Les grands médias n’ont pas mentionné ces reportages : est-ce dû au hasard ou cela démontre-t-il simplement qu’en France les médias sont manipulés par la politique ?
Les jours qui ont suivi ont été plutôt durs car les forces de l’ordre ont reçu des ordres d’ »en haut » de ne pas laisser les jeunes utiliser les bâches mobiles ni les couvertures de survie pour se protéger de la pluie et du froid extrême des nuits de Paris.
Ceux-ci se sont vus obligés de dormir sur des cartons bien souvent mouillés par la pluie ou des duvets trempés.
Ces obstacles s’ajoutent au fait que certains médias s’emploient à minimiser le mouvement en rapportant que le nombre de personnes sur place le soir était de 15 quand et ils n’étaient pas moins de 50 (j’y étais personnellement), ou encore en disant qu’ils étaient une centaine durant la journée alors qu’ils étaient approximativement 200.
Que la police compte mal, c’est compréhensible si l’on tient compte des instructions qui viennent d’ »en haut » mais que les médias ne sachent plus compter les personnes sur place, c’est … . Peut être qu’une bonne paire de lunettes serait nécessaire ? Ou un stage d’arithmétique ?
Peu importe les obstacles mis en place pour empêcher ces jeunes de tenir un campement et de démontrer au monde leur savoir-faire : autogestion, autonomie et système horizontal sans leader.
Les jeunes et moins jeunes viennent soutenir le mouvement durant toute cette première semaine, avec des donations, des soupes ou boissons chaudes apportées en thermos de tous les coins de Paris, des vêtements chauds, des duvets, des couvertures leur ont été apportés par les 99% de la population qui se sentent représentés par les indignés.
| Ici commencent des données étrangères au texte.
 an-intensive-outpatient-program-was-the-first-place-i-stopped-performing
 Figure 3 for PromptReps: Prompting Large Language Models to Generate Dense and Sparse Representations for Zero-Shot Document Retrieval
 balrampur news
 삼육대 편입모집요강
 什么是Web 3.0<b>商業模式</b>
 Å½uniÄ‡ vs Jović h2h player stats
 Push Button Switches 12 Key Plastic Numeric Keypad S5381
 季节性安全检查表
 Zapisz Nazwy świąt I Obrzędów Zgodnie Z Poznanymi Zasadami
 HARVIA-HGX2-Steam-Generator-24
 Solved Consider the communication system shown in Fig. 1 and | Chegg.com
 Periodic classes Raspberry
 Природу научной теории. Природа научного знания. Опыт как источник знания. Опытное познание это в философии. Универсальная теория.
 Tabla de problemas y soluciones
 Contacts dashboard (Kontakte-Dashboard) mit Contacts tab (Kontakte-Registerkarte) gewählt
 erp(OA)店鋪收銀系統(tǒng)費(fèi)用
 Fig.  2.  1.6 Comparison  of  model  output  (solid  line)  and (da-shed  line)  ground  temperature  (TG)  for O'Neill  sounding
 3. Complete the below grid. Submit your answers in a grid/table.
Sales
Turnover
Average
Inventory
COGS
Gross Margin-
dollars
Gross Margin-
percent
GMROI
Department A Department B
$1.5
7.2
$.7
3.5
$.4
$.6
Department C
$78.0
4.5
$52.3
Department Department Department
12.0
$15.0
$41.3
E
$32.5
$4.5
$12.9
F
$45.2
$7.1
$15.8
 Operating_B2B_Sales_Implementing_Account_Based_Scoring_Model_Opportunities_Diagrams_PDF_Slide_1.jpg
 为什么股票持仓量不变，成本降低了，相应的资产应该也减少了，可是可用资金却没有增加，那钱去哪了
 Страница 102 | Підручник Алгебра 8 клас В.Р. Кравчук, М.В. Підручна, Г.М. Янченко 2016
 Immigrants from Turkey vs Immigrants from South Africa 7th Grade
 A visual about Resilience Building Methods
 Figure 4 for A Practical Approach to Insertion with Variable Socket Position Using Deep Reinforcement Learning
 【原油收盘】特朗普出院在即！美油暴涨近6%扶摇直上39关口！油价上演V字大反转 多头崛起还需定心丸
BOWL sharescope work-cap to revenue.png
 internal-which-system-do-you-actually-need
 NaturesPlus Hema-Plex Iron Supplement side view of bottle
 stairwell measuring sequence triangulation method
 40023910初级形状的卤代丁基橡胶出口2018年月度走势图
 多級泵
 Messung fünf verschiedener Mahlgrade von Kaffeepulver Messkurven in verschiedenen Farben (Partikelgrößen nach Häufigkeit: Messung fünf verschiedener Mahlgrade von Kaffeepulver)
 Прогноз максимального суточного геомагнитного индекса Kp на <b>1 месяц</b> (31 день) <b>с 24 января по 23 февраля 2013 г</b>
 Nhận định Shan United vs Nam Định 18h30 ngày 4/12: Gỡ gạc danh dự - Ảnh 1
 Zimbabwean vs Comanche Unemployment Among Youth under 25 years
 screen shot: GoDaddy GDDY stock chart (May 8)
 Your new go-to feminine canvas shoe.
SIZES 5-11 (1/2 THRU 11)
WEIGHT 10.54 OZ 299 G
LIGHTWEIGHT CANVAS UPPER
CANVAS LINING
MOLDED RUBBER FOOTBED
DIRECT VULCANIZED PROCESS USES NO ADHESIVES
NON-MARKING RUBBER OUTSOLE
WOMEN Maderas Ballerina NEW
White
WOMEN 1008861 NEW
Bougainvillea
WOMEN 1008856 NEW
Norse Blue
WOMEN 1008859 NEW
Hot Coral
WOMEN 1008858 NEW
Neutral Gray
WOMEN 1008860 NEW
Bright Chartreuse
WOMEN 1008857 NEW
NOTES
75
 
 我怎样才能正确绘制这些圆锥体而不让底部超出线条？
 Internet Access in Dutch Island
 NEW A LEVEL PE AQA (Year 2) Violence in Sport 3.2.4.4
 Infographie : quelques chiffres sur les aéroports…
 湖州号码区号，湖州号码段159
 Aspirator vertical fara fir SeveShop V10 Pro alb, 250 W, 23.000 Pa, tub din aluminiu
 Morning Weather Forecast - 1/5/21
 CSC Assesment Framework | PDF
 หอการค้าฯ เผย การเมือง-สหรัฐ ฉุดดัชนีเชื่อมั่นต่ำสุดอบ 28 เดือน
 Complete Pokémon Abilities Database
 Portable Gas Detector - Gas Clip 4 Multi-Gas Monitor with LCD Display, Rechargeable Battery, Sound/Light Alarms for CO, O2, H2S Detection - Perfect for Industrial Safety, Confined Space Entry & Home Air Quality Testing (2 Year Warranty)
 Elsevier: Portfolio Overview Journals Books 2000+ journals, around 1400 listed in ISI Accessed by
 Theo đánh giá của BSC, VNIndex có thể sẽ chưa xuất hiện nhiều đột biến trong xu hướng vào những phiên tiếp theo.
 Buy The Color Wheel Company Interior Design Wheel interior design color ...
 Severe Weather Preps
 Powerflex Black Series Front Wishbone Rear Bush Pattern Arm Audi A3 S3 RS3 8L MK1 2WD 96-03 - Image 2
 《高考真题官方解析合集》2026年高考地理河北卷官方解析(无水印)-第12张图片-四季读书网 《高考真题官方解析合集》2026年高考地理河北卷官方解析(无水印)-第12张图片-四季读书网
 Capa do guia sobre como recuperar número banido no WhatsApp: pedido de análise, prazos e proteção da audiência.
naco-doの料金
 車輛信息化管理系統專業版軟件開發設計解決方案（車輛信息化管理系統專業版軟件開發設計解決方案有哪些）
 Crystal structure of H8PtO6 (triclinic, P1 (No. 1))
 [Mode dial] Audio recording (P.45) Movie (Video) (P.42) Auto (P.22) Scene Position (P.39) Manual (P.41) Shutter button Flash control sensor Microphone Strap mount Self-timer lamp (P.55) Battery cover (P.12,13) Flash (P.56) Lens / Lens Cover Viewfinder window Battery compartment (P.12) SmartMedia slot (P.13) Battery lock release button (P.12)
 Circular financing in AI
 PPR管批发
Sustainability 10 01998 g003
Toutes les décisions se prennent en Assemblée Générale où la voix des personnes présentes est écoutée et les arguments pour et contre sont débattus.
Une des décisions surprenante de l’AG a été de ne pas se laisser financer par des dons en espèce de manière à garder leur cohérence contre la corruption du système financier actuel.
Les AG ont normalement lieu vers 17h ou le week-end exceptionnellement vers 15h, tandis que le matin ou le soir des groupes se mettent en place pour travailler sur les brochures ou sur les actions à réaliser le jour …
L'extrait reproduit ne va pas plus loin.